Retype exactly the lines from the line with "13MM Thickness Athletic" to the end of the data, keeping both boundary lines.

- **Source records**:
*** Begin section ***
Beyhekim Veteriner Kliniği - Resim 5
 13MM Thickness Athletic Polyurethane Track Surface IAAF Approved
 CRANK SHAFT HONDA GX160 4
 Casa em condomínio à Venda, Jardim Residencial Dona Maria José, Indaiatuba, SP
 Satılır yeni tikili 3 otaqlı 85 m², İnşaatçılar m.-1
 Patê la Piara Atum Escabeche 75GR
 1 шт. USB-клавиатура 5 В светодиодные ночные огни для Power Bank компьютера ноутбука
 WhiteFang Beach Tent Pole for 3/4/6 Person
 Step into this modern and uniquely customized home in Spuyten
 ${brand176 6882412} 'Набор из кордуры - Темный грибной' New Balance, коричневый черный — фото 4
*** End section ***
- **Result below**:
 13MM Thickness Athletic Polyurethane Track Surface IAAF Approved
 CRANK SHAFT HONDA GX160 4
 Casa em condomínio à Venda, Jardim Residencial Dona Maria José, Indaiatuba, SP
 Satılır yeni tikili 3 otaqlı 85 m², İnşaatçılar m.-1
 Patê la Piara Atum Escabeche 75GR
 1 шт. USB-клавиатура 5 В светодиодные ночные огни для Power Bank компьютера ноутбука
 WhiteFang Beach Tent Pole for 3/4/6 Person
 Step into this modern and uniquely customized home in Spuyten
 ${brand176 6882412} 'Набор из кордуры - Темный грибной' New Balance, коричневый черный — фото 4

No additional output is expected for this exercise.